Bernard now noticed that another man had ridden up and was helping the unfortunate husband to extricate the horse and get the animal upon its feet. The three men then set to work to get the heavy carriage, still heavier loaded with baggage, back into service. It was a hot July day and the half hour’s work was a rather exhausting task for two who seemed to be out riding for mere recreation.
When the man and his wife were once more in the carriage, ready to drive on, they invited the two strangers to go on with them to Alexandria and have something to drink in appreciation of their timely service, but both declined, and the chaise started afresh upon its journey.
Bernard says, “My companion, after an exclamation at the heat, offered very courteously to dust my coat, a favor the return of which enabled me to take a deliberate survey of his person. He was a tall, erect, well-made man, evidently advanced in years, but who appeared to have retained all the vigor and elasticity resulting from a life of temperance and exercise. His dress was a blue coat buttoned to his chin and buckskin breeches. Though the instant he took off his hat I could not avoid the recognition of familiar lineaments, which, indeed, I was in the habit of seeing on every sign-post and over every fireplace, still I failed to identify him, and to my surprise I found that I was an object of equal speculation in his eyes.
“‘Mr. Bernard, I believe’ he said after a moment’s pause, and then spoke of having seen me play in Philadelphia, following at once with an invitation to spend a couple of hours in rest and refreshment at his house, which he pointed out in the distance.”
It then came clear to the actor who was his distinguished-looking companion.
Mr. Bernard thus continues his description of this experience, “‘Mount Vernon,’ I exclaimed; and then, drawing back with a stare of wonder, ‘Have I the honor of addressing General Washington?’
“With a smile whose expression of benevolence I have rarely seen equalled, he offered his hand and replied: ‘An odd sort of introduction, Mr. Bernard; but I am pleased to find you can play so active a part in private without a prompter.’”
In the conversation that ensued over the refreshments at Mount Vernon, Mr. Bernard studied his distinguished host with deep earnestness, and has left us a vivid picture in description as the actor saw him.
He says that in the conversation Washington’s face did not present much variety of expression. It wore always a look of profound thoughtfulness.
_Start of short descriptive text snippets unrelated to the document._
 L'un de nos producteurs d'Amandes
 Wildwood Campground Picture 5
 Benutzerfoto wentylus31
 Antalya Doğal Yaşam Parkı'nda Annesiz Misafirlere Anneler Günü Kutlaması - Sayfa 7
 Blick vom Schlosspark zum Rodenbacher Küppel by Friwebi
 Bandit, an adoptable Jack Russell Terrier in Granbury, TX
Neither was there much change in the tones of his voice, but its intonations were rich with the depths of expression.
The keynote of his talk seemed to be summed up, as the actor believed, in one of the sentences of this conversation: “I am a man, and interested in all that concerns humanity.” This is in truth the keynote of any mind that ever achieves anything worth while. One does for self or party or nation only as it is for humanity. Any other deed or thought is not patriotism but partisanship. America is that manhood interested with all its available means in the humanity of the world.
Mr. Bernard, with what seems to be the deep insight that a great actor must have into character and human nature, says, “He spoke like a man who had felt as much as he had reflected, and reflected more than he had spoken; like one who had looked upon society rather in the mass than in detail, and who regarded the happiness of America but as the first link in a series of universal victories.” This vision, opened up to America in the devastations of the Great European War for “a place in the sun,” was enlarged by American patriots, not for any closed-in nation, but for the rights of humanity.
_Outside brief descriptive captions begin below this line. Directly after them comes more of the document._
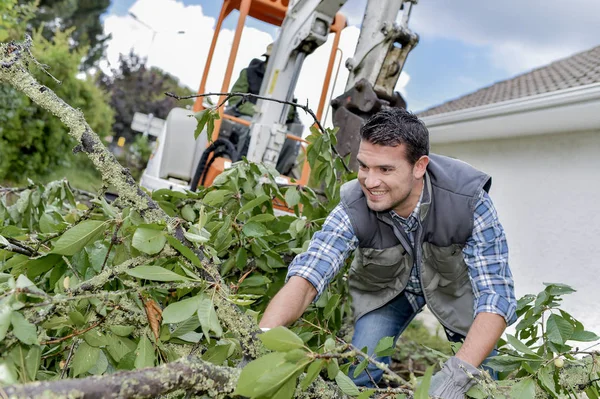 Man hantering grenar, digger i bakgrunden — Stockfoto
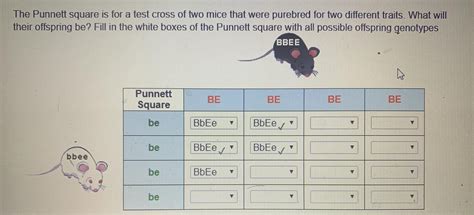 The Punnett square is for a test cross of two mice that were purebred ...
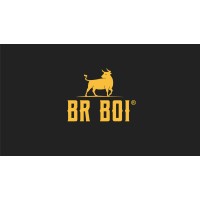 BR Boi logo - Similar company to Integri Advisory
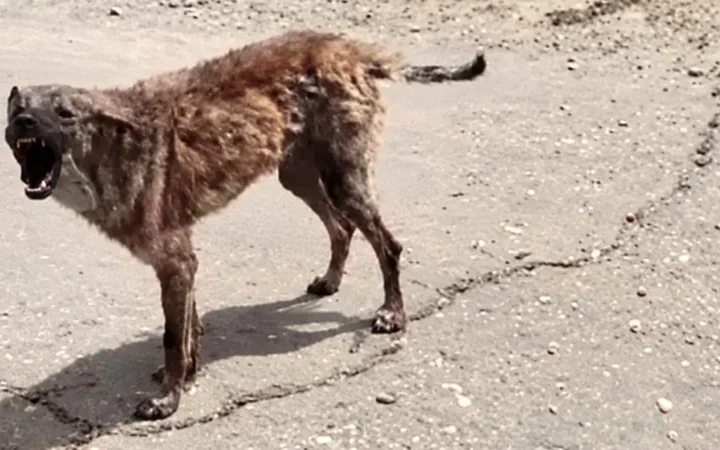 Голод в Олешках. Близько двох тисяч людей з травня відрізані від постачань в окупованому місті: як виживають його мешканці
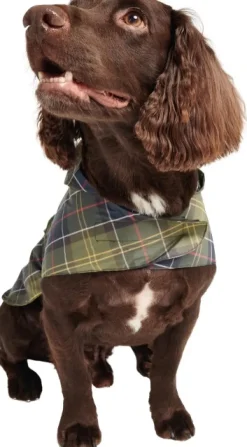 Barbour Sadetakit^Packable Dog Coat koiran sadetakki, Classic Tartan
It chanced, during the conversation, that, while Washington was comparing English liberty as surrounded by walls, with American liberty as in the open, a black man came in with a jug of spring water.
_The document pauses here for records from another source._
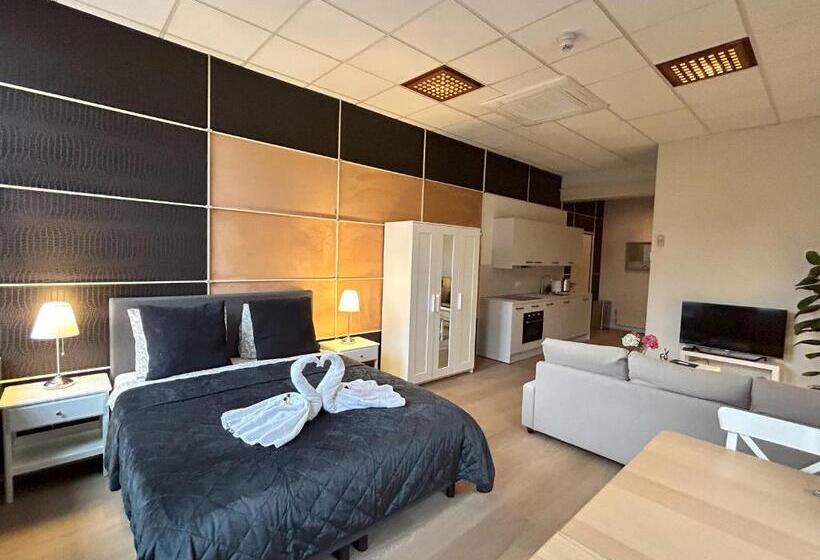 إستوديو قياسى, Cozy Studio S2, City Centre Dordrecht
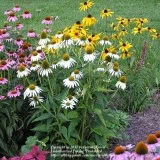 Echinacea Purpurea PowWow Wild Berry - Img 2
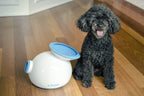 iFetch Automatic catch ball machine for dogs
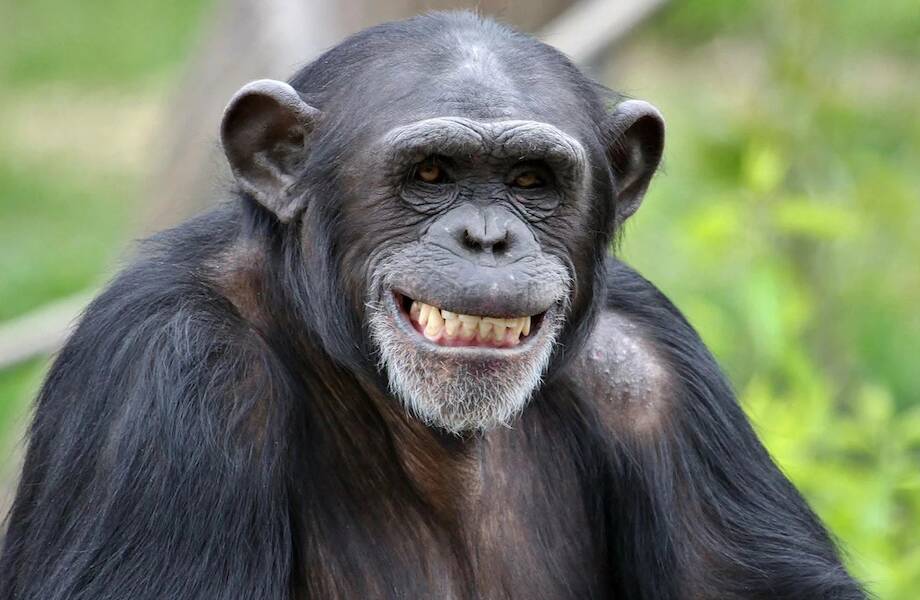 Почему нельзя улыбаться диким обезьянам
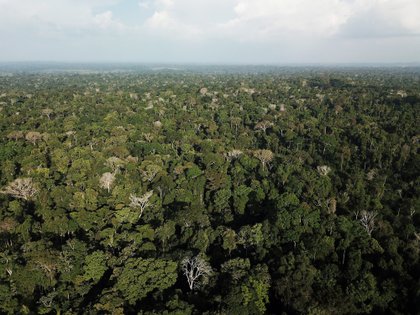 Amazonas. REUTERS/Nacho Doce/File Photo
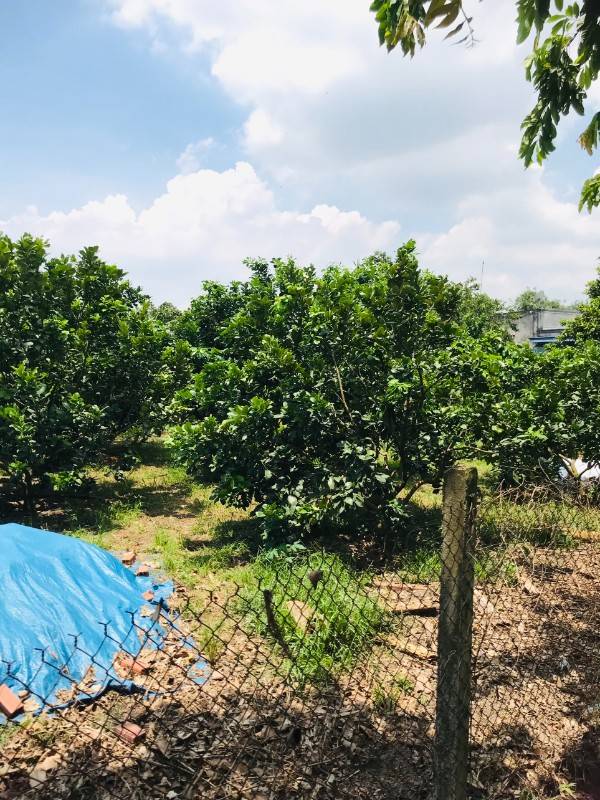 Kẹt vốn bán gấp 1055m2 giá 490 triệu ngay Bàu Bàng, sổ riêng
Washington saw the actor look at the slave and smile with an inward thought. He quickly guessed at the thought and responded, “When we profess, as our fundamental principle, that liberty is the inalienable right of every man, we do not include madmen or idiots; liberty in their hands would become a scourge. Till the mind of the slave has been educated to perceive what are the obligations of a state of freedom, and not confound a man’s freedom with a brute’s, the gift would insure its abuse.”
He expressed his belief that slavery must some time be banished for the unity of American principles, and, in this connection, it should be remembered that, by will, he freed all his own slaves, to take place at the death of his wife.